Nightclub Where Valet Died Lacked Valet License

City: Rockstar Lounge Could Face $999 Fine, Jail

The Denver nightclub where a valet died in a hit-and-run on Saturday could face serious sanctions for not having a valet license, a city spokeswoman said.

The owner of Rockstar Lounge faces up to a $999 fine and a year in jail, because their valet service did not have valet operator license or location license, said Meghan Hughes, spokeswoman for the Denver Department of Excise and Licenses.

The city has rigorous regulations for valet services, including requiring an $875 operator license and a $200 location license for each venue a valet contractor serves, she said.

Requirements to getting the license include valet criminal background checks and approval of a parking plan and map of the venue area to ensure public safety at the valet station, Hughes said. Valet services also need a minimum $250,000 liability insurance and $1 million personal injury insurance as well as a valid lease for private parking lots.

Rocky Mountain Valet Inc. owner Chris Misko said he filed a license application on Nov. 17 for the Rockstar Lounge, but he quickly pulled out of the job because he couldn't find the required parking.

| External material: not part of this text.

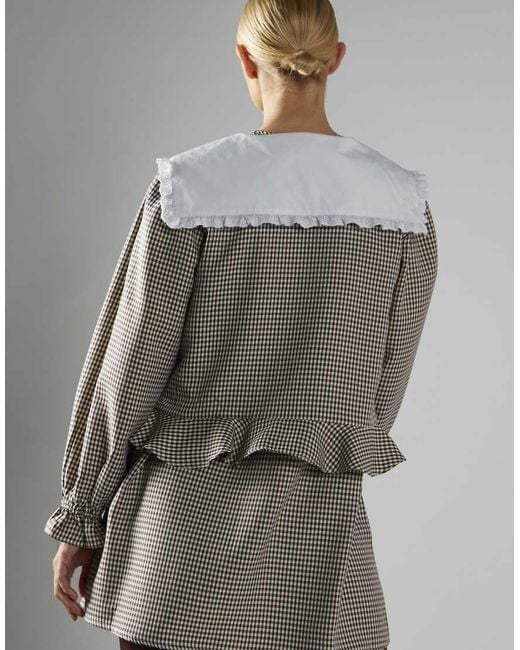 Glamorous Gray Crop Top With Large Ruffle Collar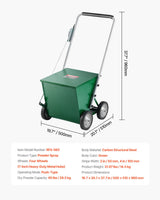 VEVOR Dry Line Marker 4-Wheel 50 or 100 mm Lines Heavy Duty Steel Chalker 29.5kg - Close-Up Angle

“We said there's no way we're moving forward, if we can't secure parking,” Misko told Wednesday.

"It's (important to) the well-being and safety of our valets to make sure they have proper places to park the vehicles," Misko added. "On a liability standpoint, we've have to make sure that we're in a secure parking area we're leasing …where cars aren't getting broken into. They're not just randomly parked on the street or in parking lots."

Hughes said it's unclear who employed Medina, who'd only been a valet at Rockstar for three nights when he was killed.

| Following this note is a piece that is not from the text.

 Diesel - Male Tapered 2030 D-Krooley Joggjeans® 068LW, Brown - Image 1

"Ultimately it's up to the venue itself, it's entirely their responsibility" to ensure their valet service is licensed, Hughes said. "Ultimately, you have to have a license and there was no license for Rockstar."

Rockstar co-owner Patrick Wilson declined to discuss the valet licensing issue.

"I would love to comment on this and I can't because of the investigation and because of possible litigation," he said.

Hughes said the city licensing agency won't start its investigation until police complete their probe of the fatal hit-and-run.

The Medina family's attorney, Gabriel Schwartz, said he's reviewing the nightclub's failure to obtain a license.

"Obviously, it's concerning," Schwartz said. "It's something that we're looking into." The attorney said he's hasn't determined who employed Medina as a valet.

Both Wilson and Schwartz said they want to keep the focus on finding Medina's killer.

"I just can't wait until they catch this person," Wilson said.

Meanwhile, Wilson said Rockstar and other Denver nightclubs are organizing a fundraiser for the Medina family.

"We want to do something special for the family in memory of Jose and also just to provide whatever financial assistance the family may need."

Medina's family will hold a public memorial for the man from 3 p.m. to 5 p.m. Friday at Washington Park Chapel, 1001 S. Pearl St., said the family's attorney, Gabriel Schwartz.

The family is accepting donations to help pay for funeral expenses. Donations can be made at any Colorado State Bank and Trust location with this information: The Law Offices of Sandomire and Schwartz for the benefit of Jose Medina, Account No. 8093874893. Donations also can be mailed to to 3610 E. 1st Ave., Denver, CO.